RECORDS TO PROCESS -
------------
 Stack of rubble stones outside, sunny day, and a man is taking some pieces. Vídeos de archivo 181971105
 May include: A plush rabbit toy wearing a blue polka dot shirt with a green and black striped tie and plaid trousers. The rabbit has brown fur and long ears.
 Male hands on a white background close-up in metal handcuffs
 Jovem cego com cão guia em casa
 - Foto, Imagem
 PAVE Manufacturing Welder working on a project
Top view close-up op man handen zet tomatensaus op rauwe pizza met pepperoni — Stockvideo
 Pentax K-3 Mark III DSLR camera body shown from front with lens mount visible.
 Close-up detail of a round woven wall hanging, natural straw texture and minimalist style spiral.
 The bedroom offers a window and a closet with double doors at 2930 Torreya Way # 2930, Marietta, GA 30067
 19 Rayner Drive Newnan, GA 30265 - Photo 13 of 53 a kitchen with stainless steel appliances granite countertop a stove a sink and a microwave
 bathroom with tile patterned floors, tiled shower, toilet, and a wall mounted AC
------------
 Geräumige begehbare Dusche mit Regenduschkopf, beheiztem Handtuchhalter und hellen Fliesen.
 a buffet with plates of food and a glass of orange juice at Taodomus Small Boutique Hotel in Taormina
------------
WHAT TO PRODUCE - Using only the listing above, restate exactly the lines from the line containing "Stack of rubble" through the line containing "bathroom with tile", both included.

TASK ANSWER -
 Stack of rubble stones outside, sunny day, and a man is taking some pieces. Vídeos de archivo 181971105
 May include: A plush rabbit toy wearing a blue polka dot shirt with a green and black striped tie and plaid trousers. The rabbit has brown fur and long ears.
 Male hands on a white background close-up in metal handcuffs
 Jovem cego com cão guia em casa
 - Foto, Imagem
 PAVE Manufacturing Welder working on a project
Top view close-up op man handen zet tomatensaus op rauwe pizza met pepperoni — Stockvideo
 Pentax K-3 Mark III DSLR camera body shown from front with lens mount visible.
 Close-up detail of a round woven wall hanging, natural straw texture and minimalist style spiral.
 The bedroom offers a window and a closet with double doors at 2930 Torreya Way # 2930, Marietta, GA 30067
 19 Rayner Drive Newnan, GA 30265 - Photo 13 of 53 a kitchen with stainless steel appliances granite countertop a stove a sink and a microwave
 bathroom with tile patterned floors, tiled shower, toilet, and a wall mounted AC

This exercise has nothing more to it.